Türkiye’de siyasi gündem çok hızlı değişerek her an her şey olabilir…  Neden diyecek olursanız, bizim ülkede siyasetçiler akıl, mantık ve bilim ışığında değil, duygularıyla yapıyor…

Toplumsal gerçekleri yok sayıyor…

Günümüzde muhalefet partileri yıllarca tek adam diktatörlüğüne dönüşen cumhurbaşkanlığı başkanlık sisteminden kurtulmak için mücadele etmiyorlar mı?

Öyleyse tüm muhalefetin yapacakları tek yol var, adına güçlendirilmiş veya iyileştirilmiş parlamenter sistem dediklerinin etrafında birleşmek.

Görünürde 6’lı masada bunu yapmak istiyor, ama kendilerinin dışında parlamenter sistemi savunan bu tek adam sisteminden kurtulmak için mücadele eden başka partiler, demokratik kitle örgütleri var işin içine onlar neden alınmıyor.

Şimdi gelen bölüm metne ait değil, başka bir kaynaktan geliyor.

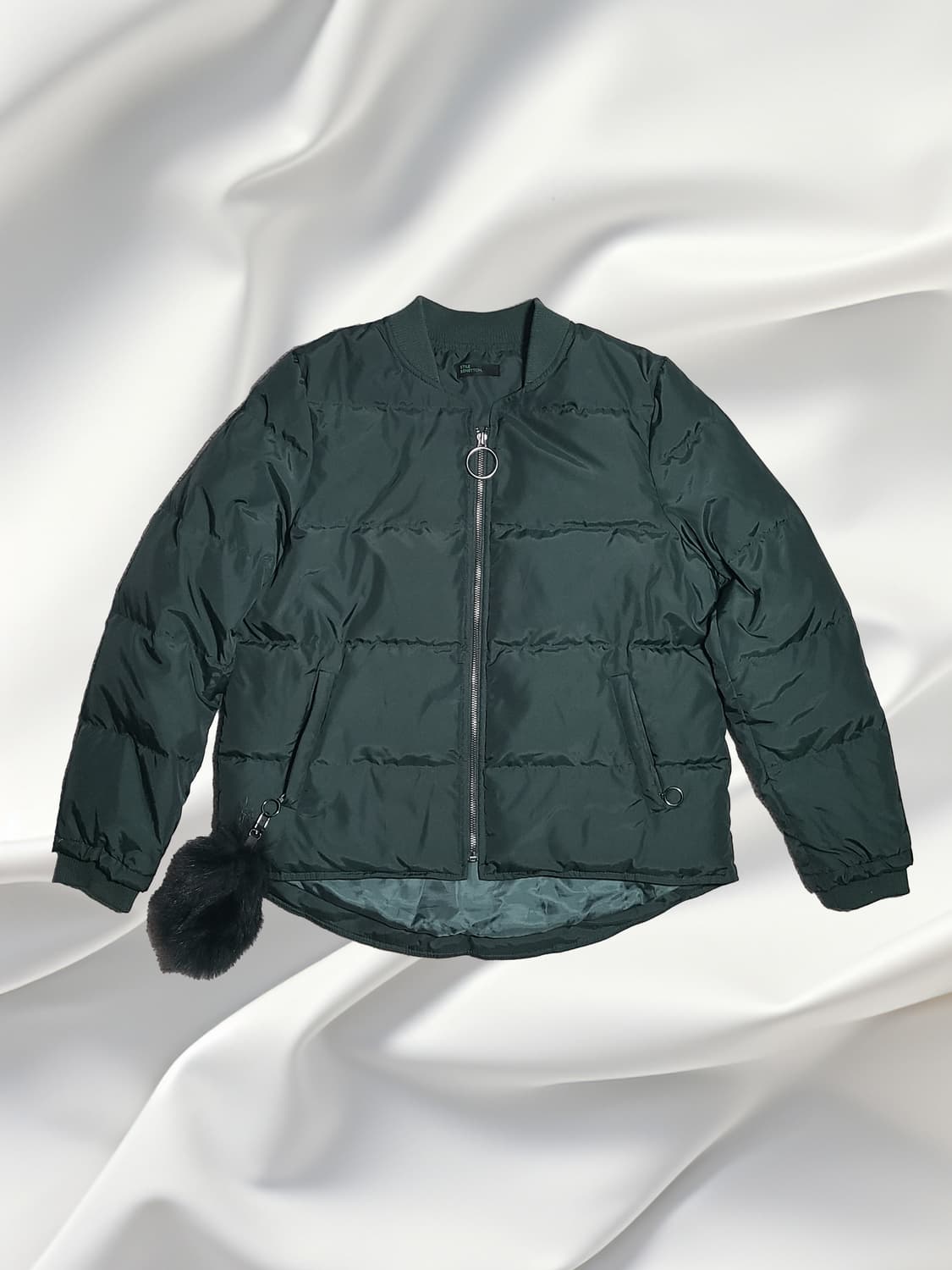 베네통 폭스 퍼 디테일 덕다운 패딩 점퍼 숏패딩 상품이미지1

Bu işin öncülüğünü, liderliğini yine 6’lı masa olarak siz yapın, parlamenter sistemden yana olan diğer partilere ve hareketleri de kucaklayın…

 6’lı masa olarak hareketi biz başlattık, biz yapacağız herkes oylarıyla bizi desteklesin demek,  toplumu dışlamaktan, ayrıştırmaktan başka bir şey değil…

Seçime 9 ay kadar az bir zaman kalmış, 6’masa ülke gerçeklerini göz önünde bulunarak, kararlarını gözden geçirmelidir.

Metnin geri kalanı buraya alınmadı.